For visitors making a full evening of it, the Theater District neighborhood guide covers the surrounding area. Transportation options including subway routes, rideshare, and walking from Midtown hotels are covered in the Broadway transportation guide.
Frequently asked questions
For the right audience, it is one of the most rewarding Broadway experiences currently available — a show that has been running for fifteen years and still plays at full voltage, with some of the best original songwriting in the Broadway canon and a production that has been refined to a level of precision that only years of nightly performance produces. Whether it is worth it for your specific group depends on whether the content — explicit language, religious satire, deliberately crude humor — is something you’ll find funny rather than off-putting. The New York Times called it “the best musical of this century.” Entertainment Weekly called it “the funniest musical of all time.” Both assessments are accurate for the right audience. Neither is accurate for the wrong one.
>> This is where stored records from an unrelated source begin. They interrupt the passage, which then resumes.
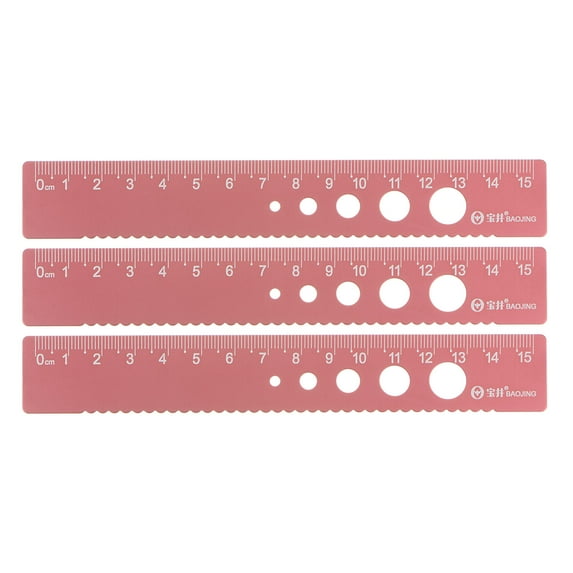 Uxcell Straight Ruler 15cm Metric Wave Edge with Hollow Circle Measuring Tool, Old Rose, 3 Pieces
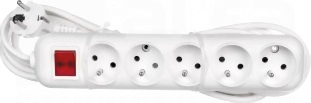 PS-532LS 5x2P+Z 5,0m biały Przedłużacz 5-gniazd.+łącznik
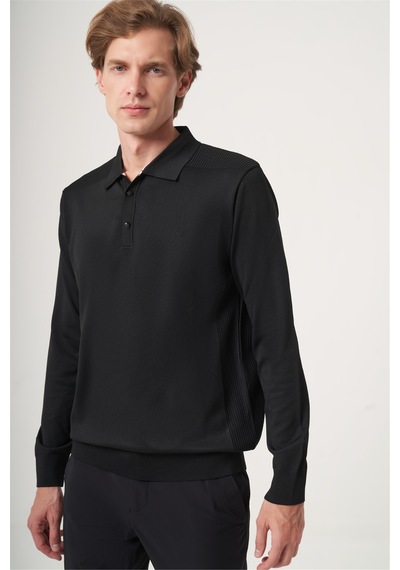 İmza Siyah Polo Yaka Uzun Kol Örme Comfort Fit Pamuklu Kazak 1012265159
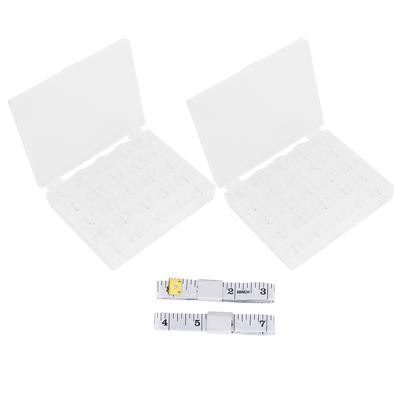 50 шт. Прозорі порожні котушки для швейної машинки з пластиковим боксом, приладдя для домашнього шиття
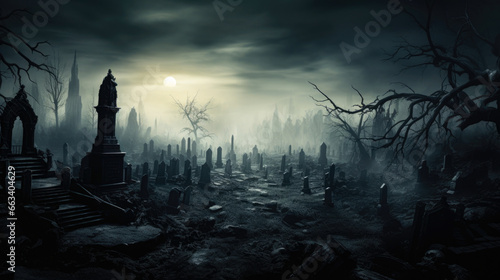Soft moonlight and eerie shadows in haunted and creepy graveyard photo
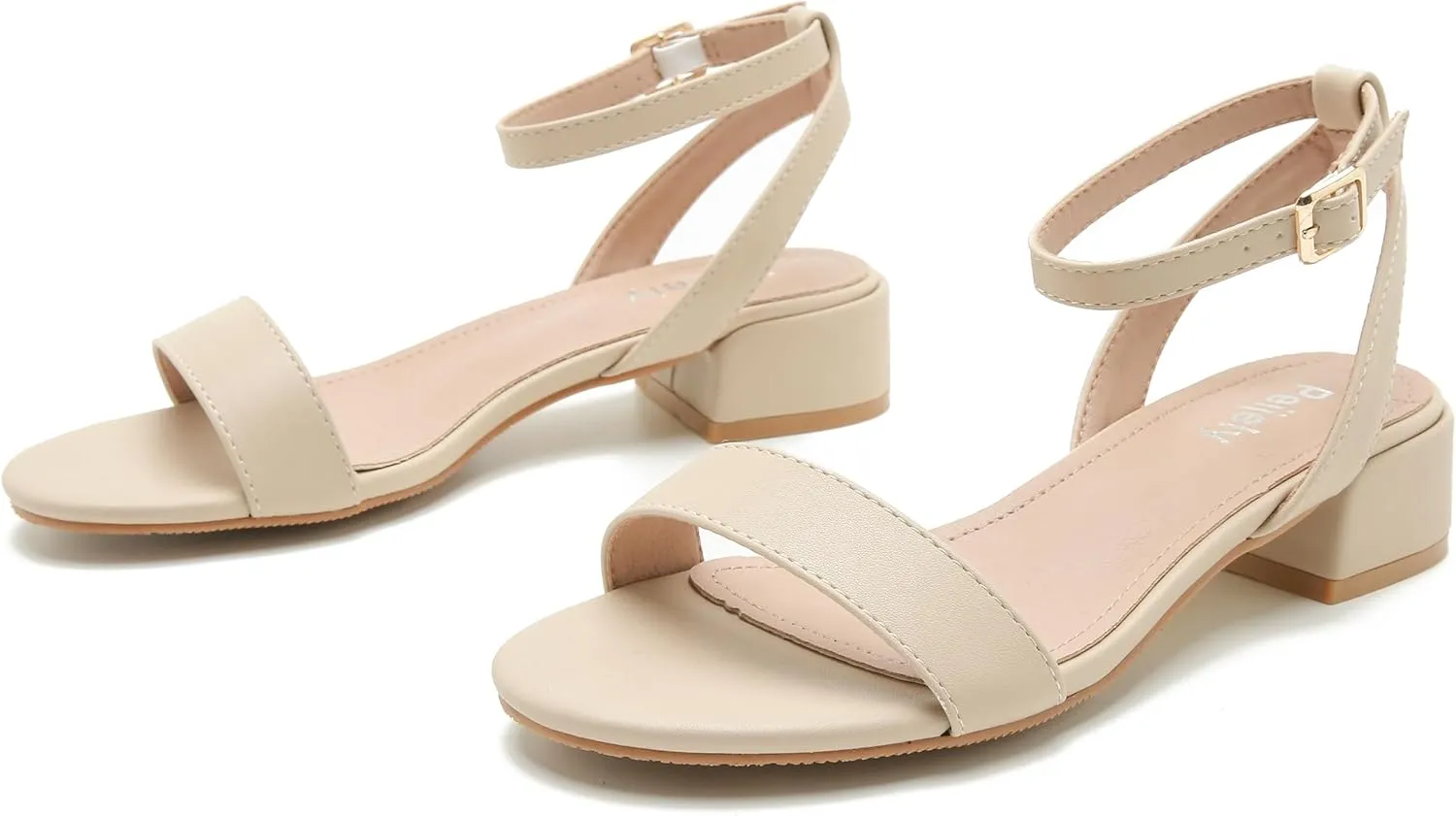 Women's Open Toe Ankle Strap Low Block Chunky Heels Sandals Party Dress Summer Shoes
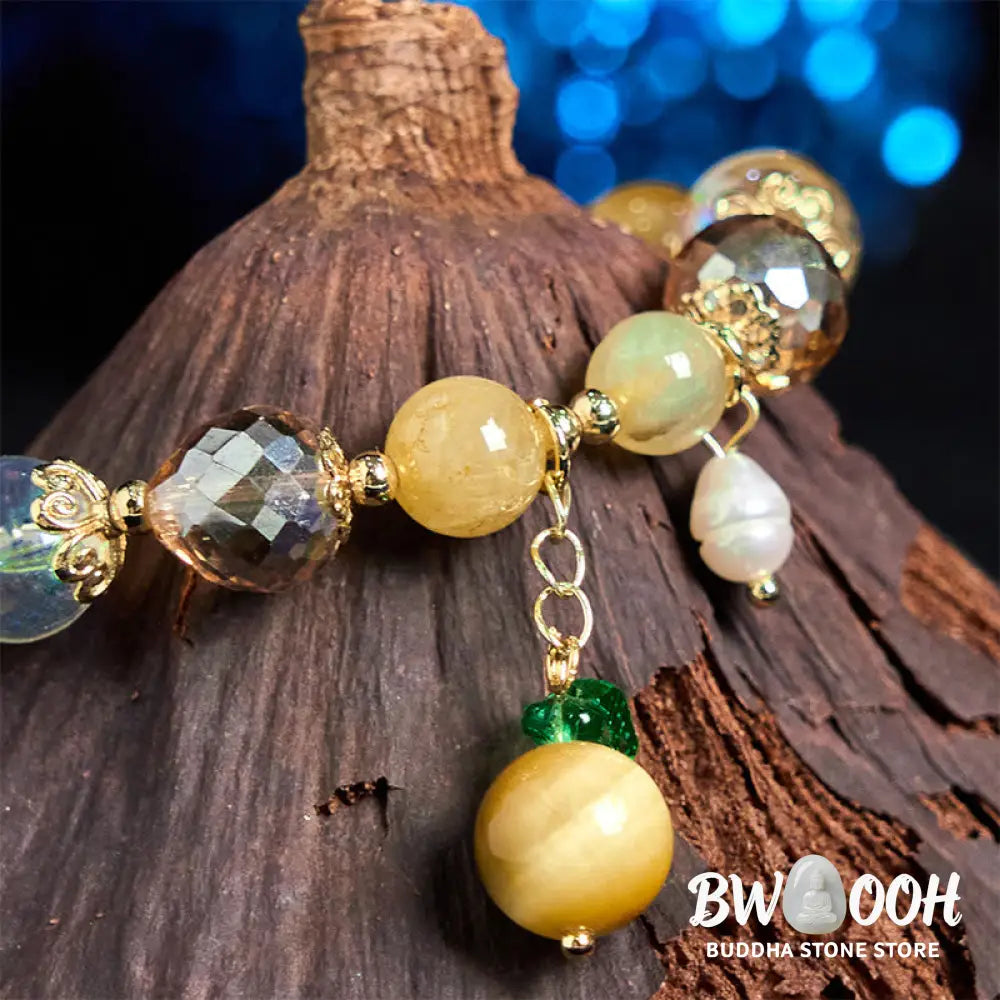 Buddha Stones Natural Tiger Eye Beads Green Leaf Courage Bracelet - BWOOOH - Tiger Eye(Wrist Circumference: 14-18cm)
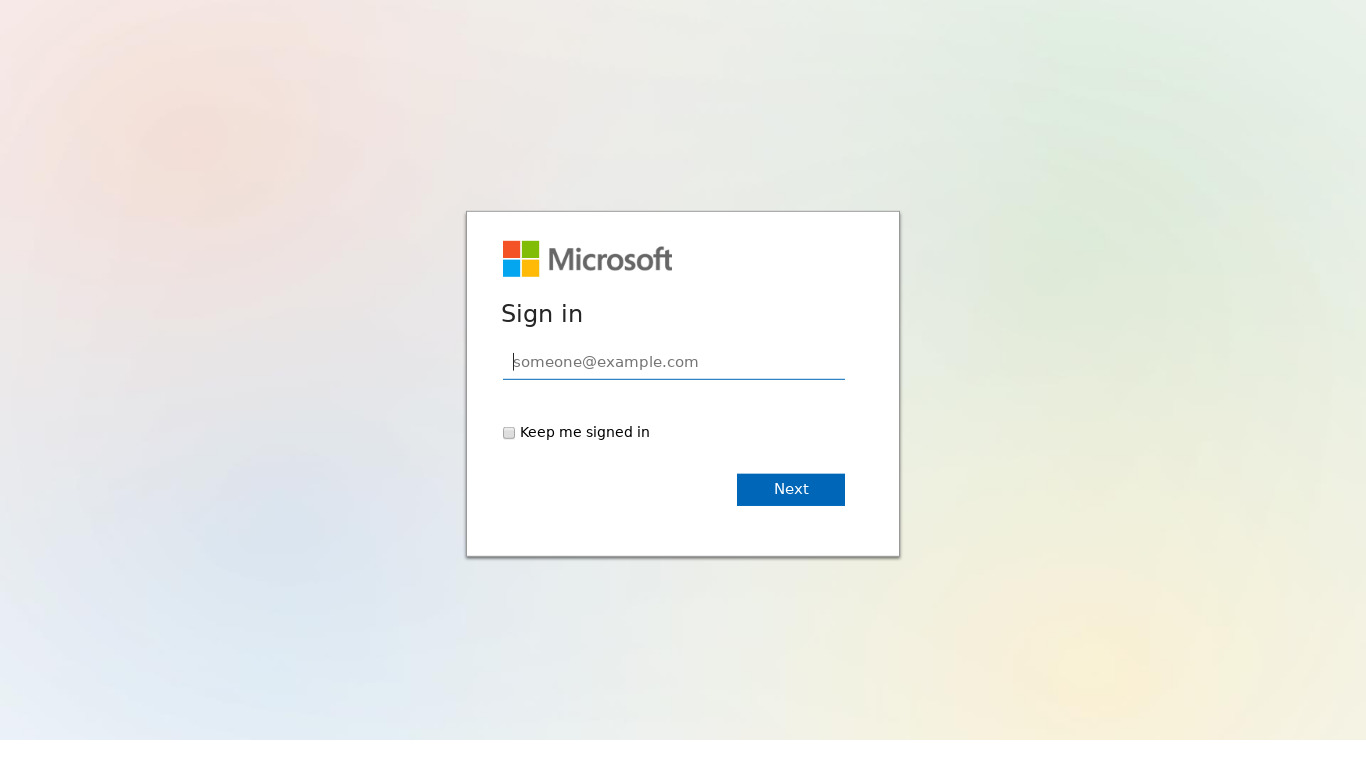 Microsoft Exchange Landing page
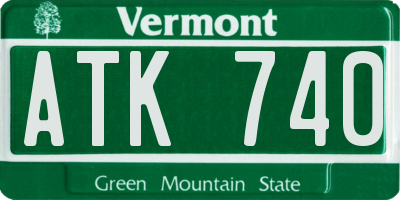 VT license plate ATK740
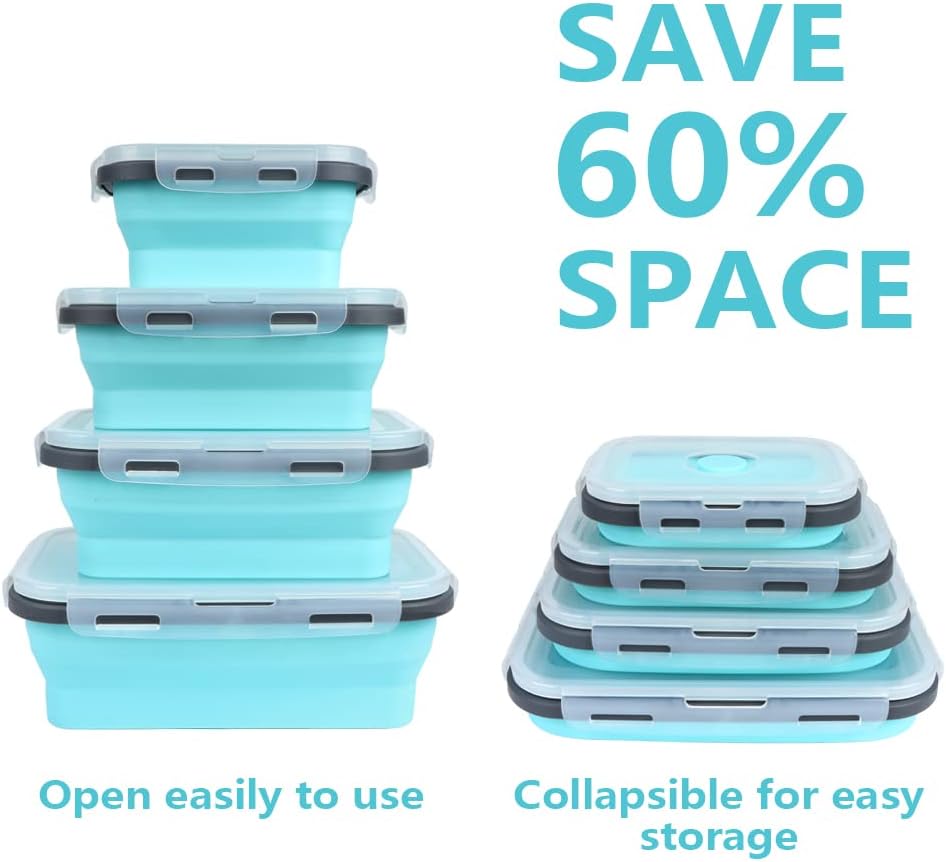 Meal Prep Kit - Contenitori pieghevoli per alimenti da 4
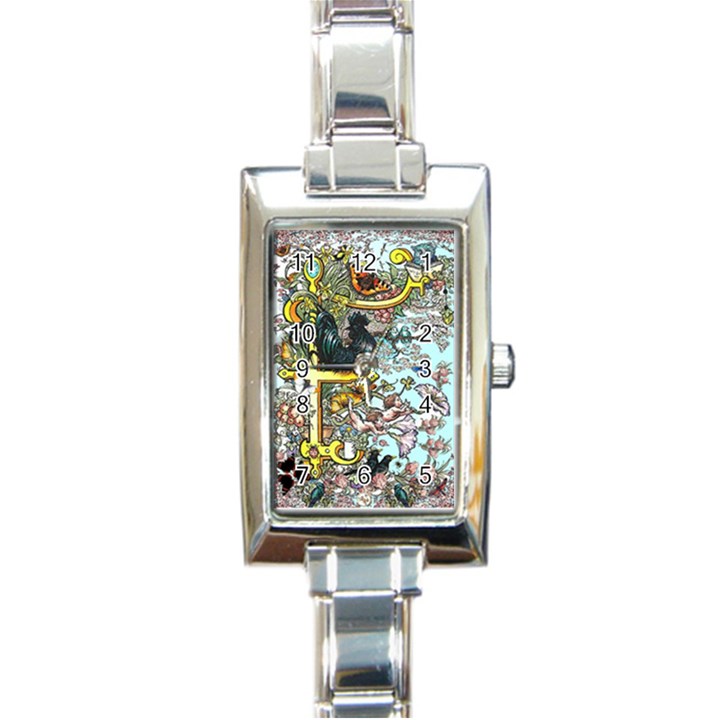 The Illustrated Alphabet - F - by LaRenard Rectangle Italian Charm Watch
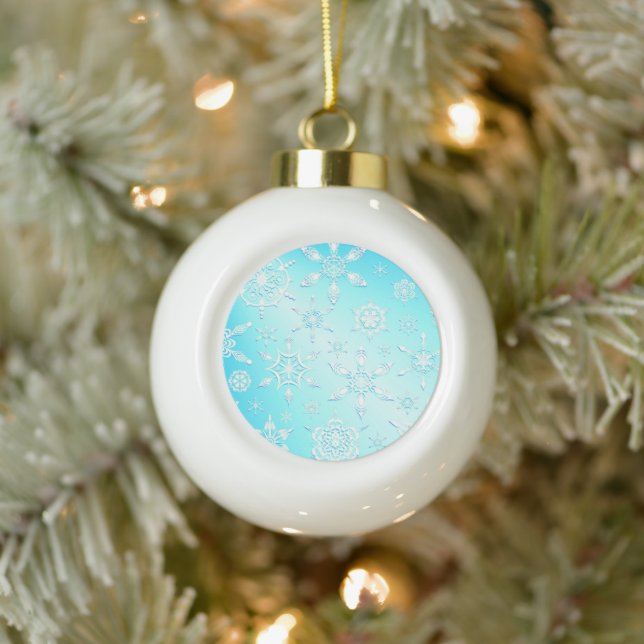 Boule En Céramique Motif Crystal Snowflakes (Arbre)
The Book of Mormon runs approximately 2 hours and 30 minutes, including a 15-minute intermission. Plan for a full evening — the show typically starts at 7:00 or 8:00 PM and ends between 9:30 and 10:30 PM depending on the performance. Factor in pre-show dinner timing accordingly; the area around the Eugene O’Neill Theatre on West 49th Street has good dining options within easy walking distance.
The official advisory is ages 13+, and children under 4 are not admitted. The content — explicit language, sexual references, crude humor, and sustained religious satire — is significant and central to the show, not incidental. For teenagers who are comfortable with this register of humor and whose parents know what the show contains, 13+ is a reasonable floor. For family groups with younger children, a different show is strongly recommended. The content advisory is the show accurately describing what it is.
It can be — but only if you are confident the humor will land for you. The Book of Mormon is one of the most technically accomplished Broadway musicals of this century, and audiences who love it tend to love it intensely. But its content is specific and deliberately provocative, and a first Broadway experience shaped by a show that wasn’t quite the right fit is a different story than one that was exactly right. If you have any uncertainty about whether explicit language and sharp religious satire are your kind of comedy, starting with Wicked, Aladdin, or The Lion King is lower risk. If you know this is your sensibility, The Book of Mormon is excellent.
The Book of Mormon plays at the Eugene O’Neill Theatre, 230 West 49th Street, between Broadway and 8th Avenue in Midtown Manhattan. It has been playing at this theater since it opened on March 24, 2011 — making it the longest-running show in the O’Neill’s hundred-year history and the 10th longest-running Broadway musical of all time. The show is currently booking on an open-ended basis with no announced closing date.
Fifteen years on Broadway is not an accident. The Book of Mormon has stayed because it is genuinely extraordinary at what it does — a musical that makes audiences laugh harder than they expected and remember the experience longer than most shows manage. The Tony Awards, the critical superlatives, the word-of-mouth that has kept it selling for a decade and a half: all of it reflects a real achievement in Broadway musical writing.
What it also reflects is a very specific achievement — a show built for adults who want their Broadway comedy sharp, fast, explicit, and completely unwilling to be polite about it. For that audience, it remains one of the best choices in the current Broadway season. For everyone else, the season has other strong options. Knowing which category you’re in before booking is the most useful thing this page can help with.